## To do
Extract the line that contains "The Lazy Aristocrat Chapter 1 – Page 28" and every line after it through the end of the records below, exactly as written, leaving out any pictures.

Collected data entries
□ □ □
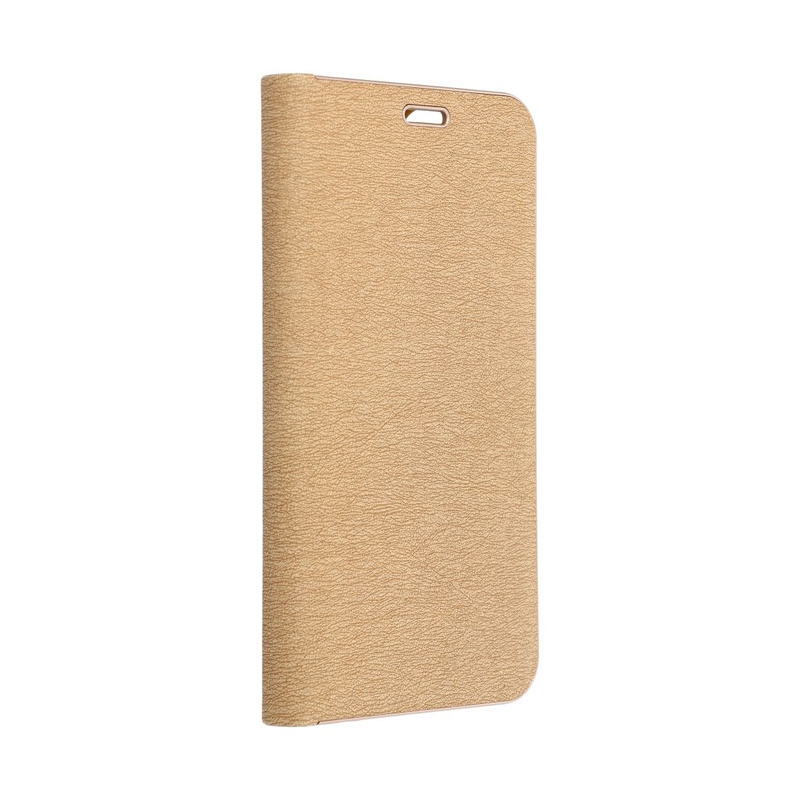 Kabura LUNA Book Gold do SAMSUNG A34 5G złoty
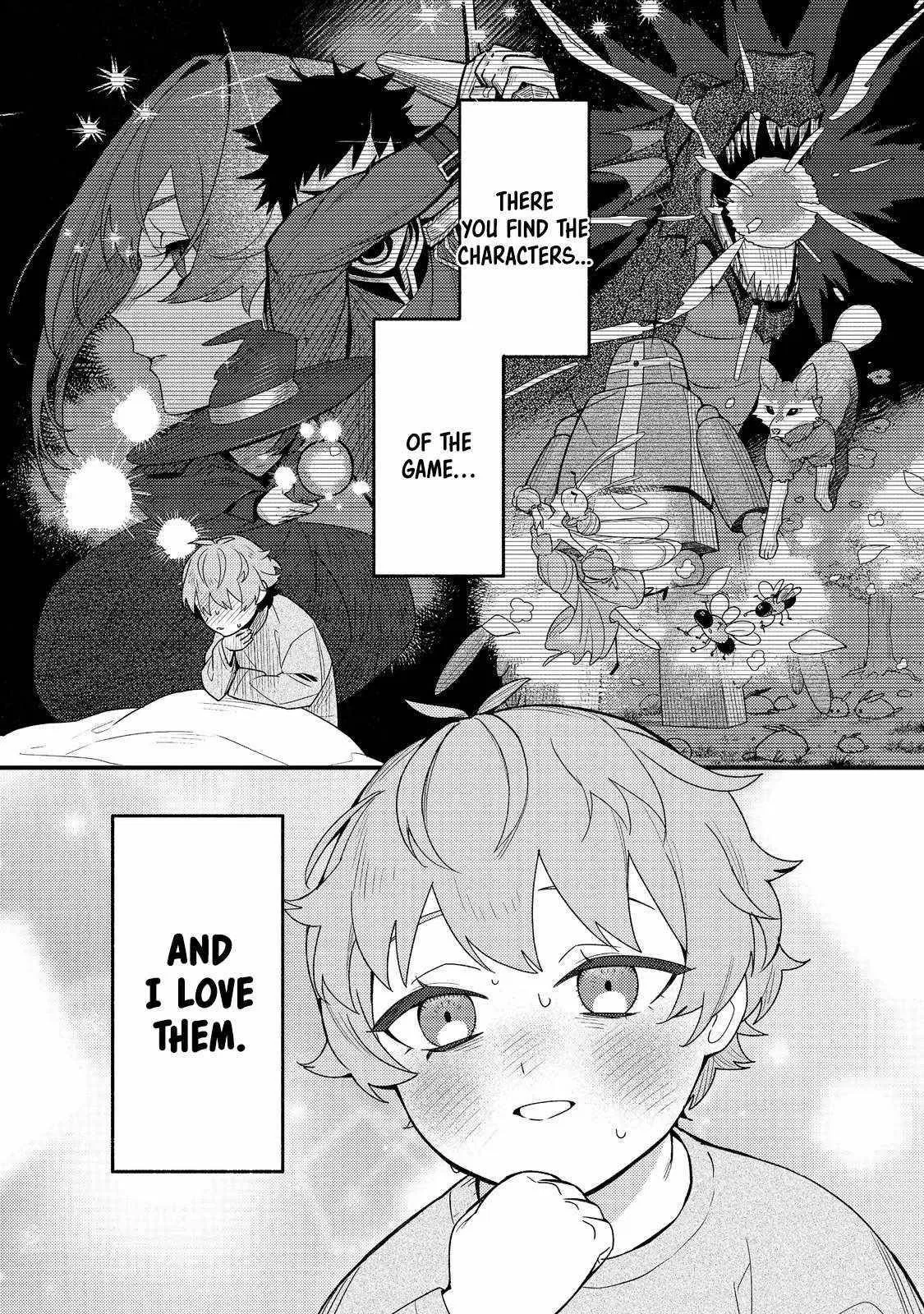 The Lazy Aristocrat Chapter 1 – Page 28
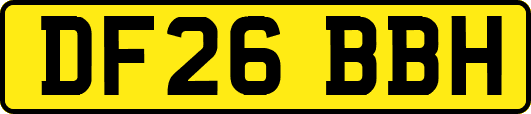 DF26BBH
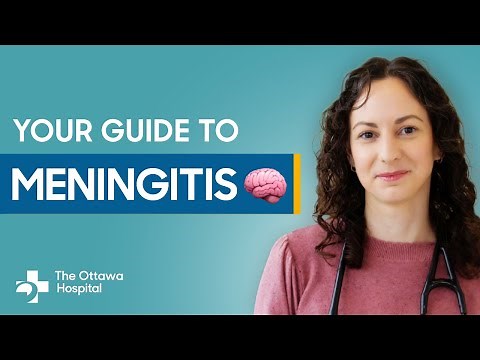 Your guide to meningitis 🧠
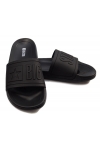 Klapki damskie Big Star DD274A271 czarne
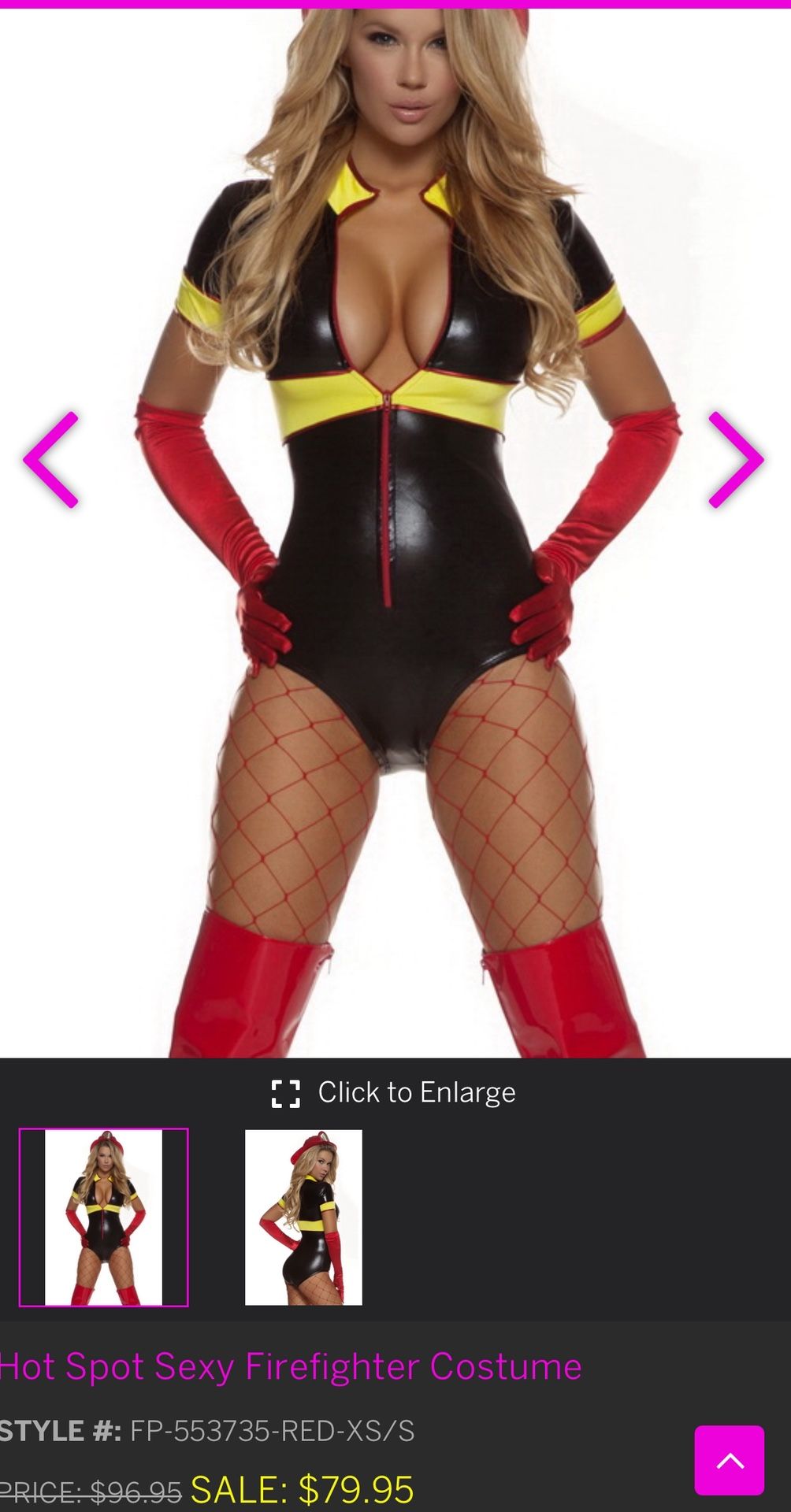 Halloween Costume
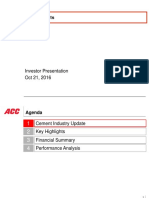 Investor Presentation Q316 Final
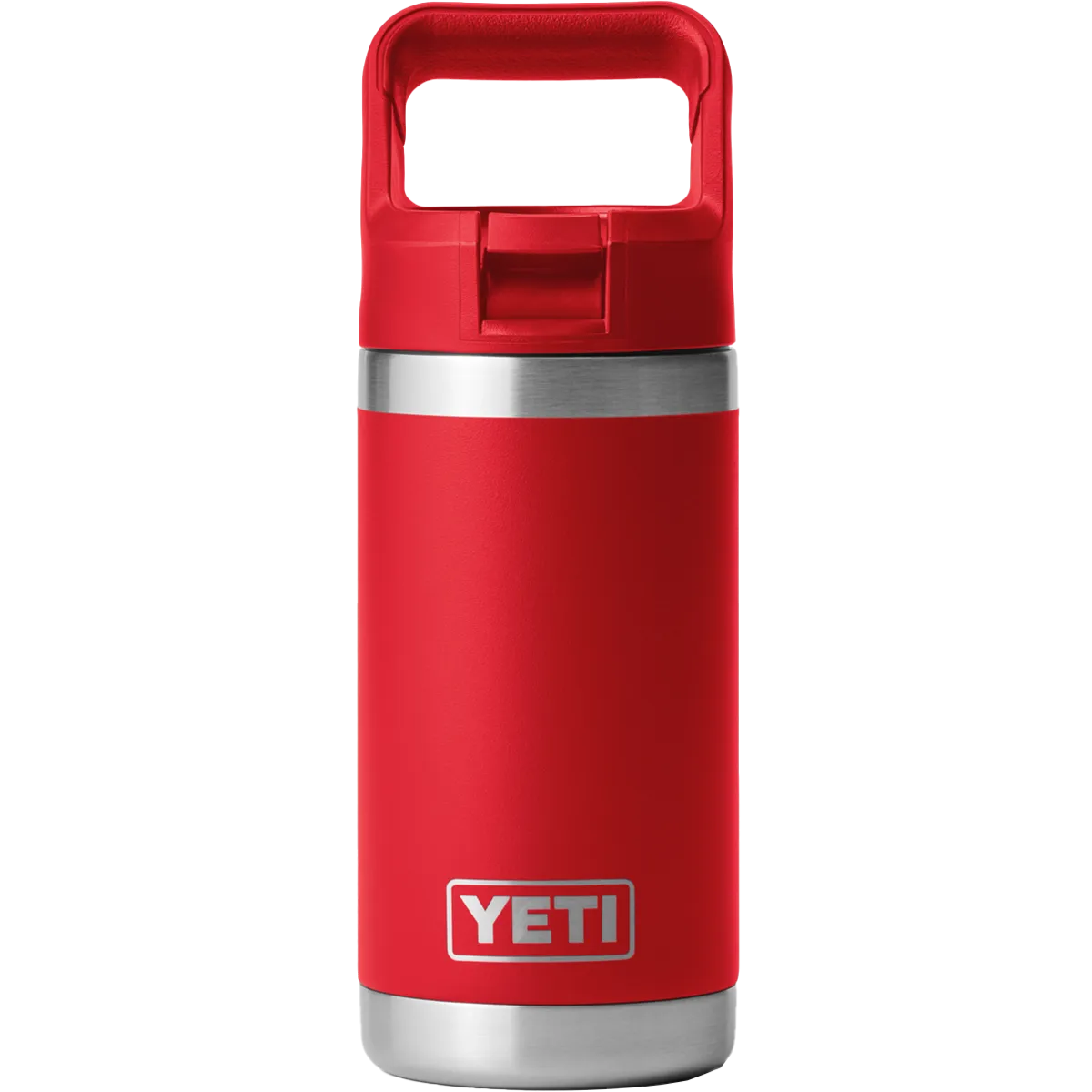 Youth Rambler Jr 12 oz Bottle with Straw Cap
□ □ □
## Result for this exercise
 The Lazy Aristocrat Chapter 1 – Page 28
 DF26BBH
 Your guide to meningitis 🧠
 Klapki damskie Big Star DD274A271 czarne
 Halloween Costume
 Investor Presentation Q316 Final
 Youth Rambler Jr 12 oz Bottle with Straw Cap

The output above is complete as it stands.